Four things save it. Firstly, the boss battles. Goichi Suda has always been known for his boss battles, and the variety and energy that you get out of No More Heroes III shows that he hasn’t lost his ability to surprise and delight here. I’m not even a person that usually enjoys boss battles, but Suda sees bosses less as big enemies with a lot of health to whittle down, and more a chance to work with the player to choreograph something mesmerising and memorable, and I took that from each boss battle that I fought here. They also have some magnificent mechanical quirks at times, and while I don’t want to ruin any of that, just wait until you get to the “RPG” boss. You’ll know it when you get there.

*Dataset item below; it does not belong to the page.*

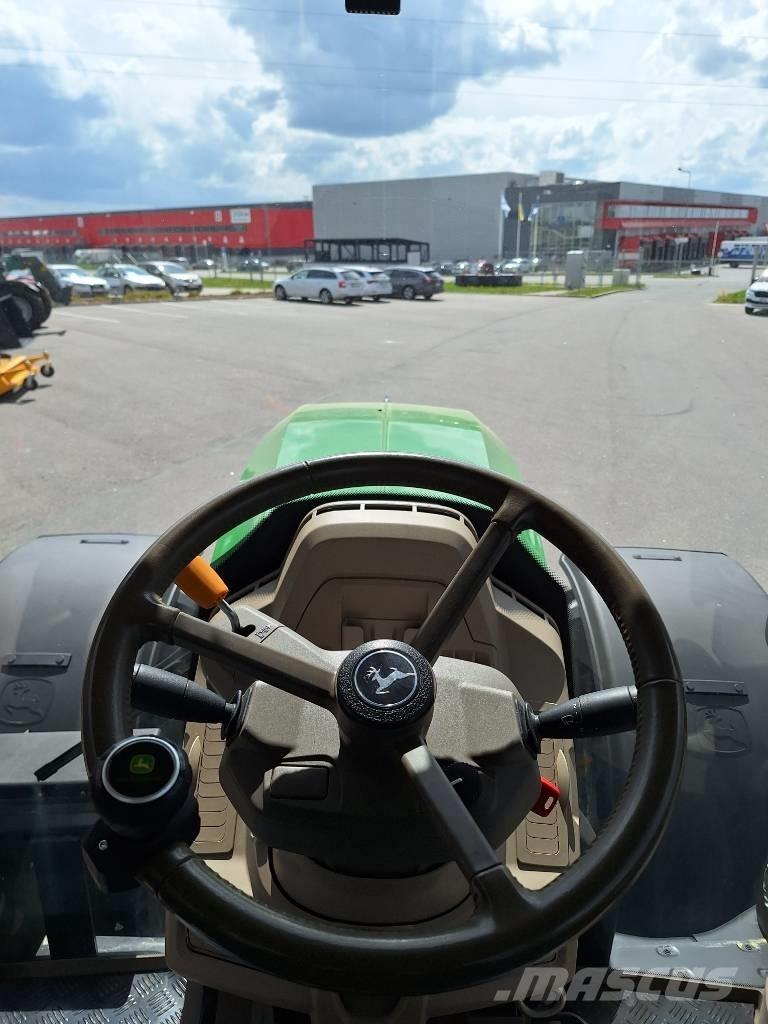 John Deere 6R 155 트랙터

Beyond the combat mechanics, too, these bosses are all silly, self-aware little works of characterisation, and while their individual roles within the game are brief, they’re basically all memorable and entertaining.

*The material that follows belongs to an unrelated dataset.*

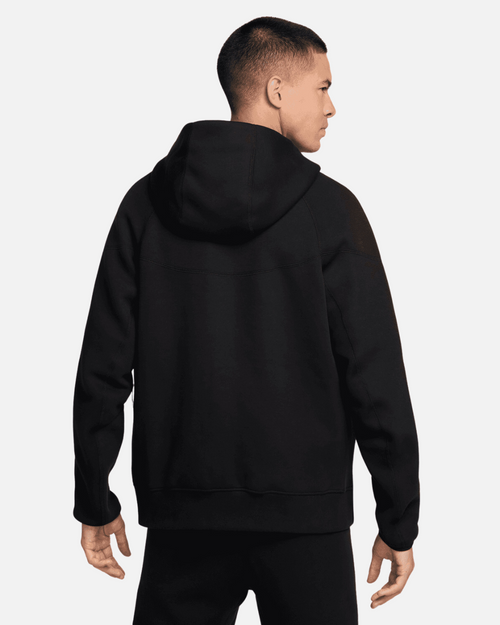 Chelsea Tech Fleece Jacket 2024/2025 - Black/Pink - Footkorner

Secondly, No More Heroes III is so self-aware that it gets away with a lot by freely and openly recognising what it is. Travis is a video game avatar in the truest sense. He represents the player’s interests in the game, so when he mutters something like “the gamers are going to like this,” he’s speaking through us into the game. He’s a parody of the gamer, of course, making the fourth-wall-breaking humour a gentle ribbing at our own expense from Suda, but it’s surprising just how effective that self-awareness is at waving away how familiar much of the game is.
Finally, the range of minigames is an absolute highlight. Taking some time out to mow lawns, randomly mine for ore, unclog the toilets that you need to save the game, or play with the talking cat companion, injects a bit of variety into the play, but more importantly it adds to the surrealistic mishmash of ideas that help the game to find its creative core. There are also plenty of little narrative interactions that allow Suda to just indulge in being Goichi Suda. My favourite example of this is the little moments where a couple of characters pop up on screen to talk about Japanese filmmaker, Takashi Miike. There’s no point to these, other than for Suda to deliver us little essays on one of his favourite filmmakers, but they do highlight just how much No More Heroes III functions as a reflection on (Japanese) popular culture.

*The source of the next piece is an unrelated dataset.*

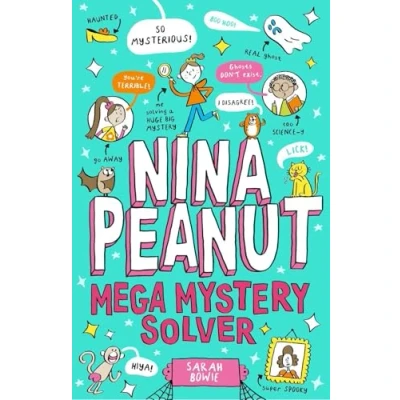 Afbeelding van Nina Peanut: Mega Mystery Solver (Book 2)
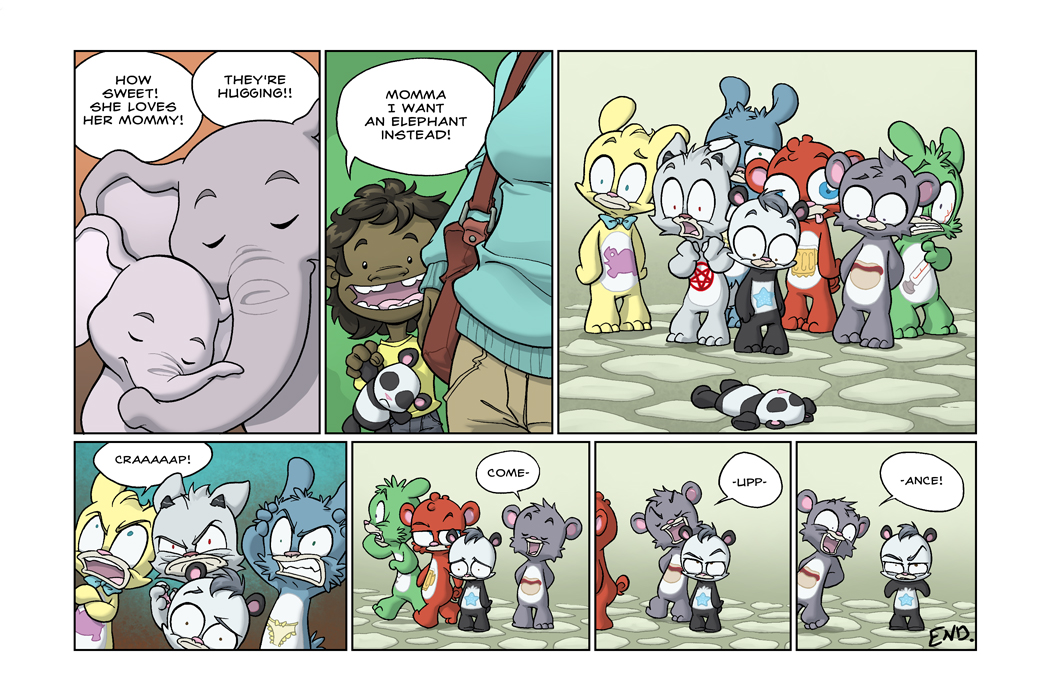 Bear Nuts - Episode 20, Page 14: Vanity Insanity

I’m certain that there will be some people that bellyache about the game on Switch, because on a technical level it does have issues. The developers have aimed for some pretty complex character models and boss designs for the console, and because of that, they’ve largely done away with “levels”, opting instead to cut to the chase and just throw combat rooms at players. Furthermore, the open-world bit is plagued by all kinds of pop-ins and issues, despite being as static as it is. What the developers want you to focus on (the characters and big action) is flawless, but I just know that people are going to object to the superfluous elements. Not me though. Nope. I’m here for the overall vision, and that’s been executed where it needs to.
Credit must go to Nintendo for supporting this project to bring it to Switch. Yes, it might be the “safest” game that Goichi Suda has produced in quite some time, and the energy is just not the same when he’s retreading old ideas rather than creating something new. But then Goichi Suda on a flat day is still more creative than 99 per cent of the auteurs out there, and No More Heroes III is still big, colourful, bold and filled with surrealistic humour. With the energy dialled right up to the maximum, it’s hard not to love something this brash.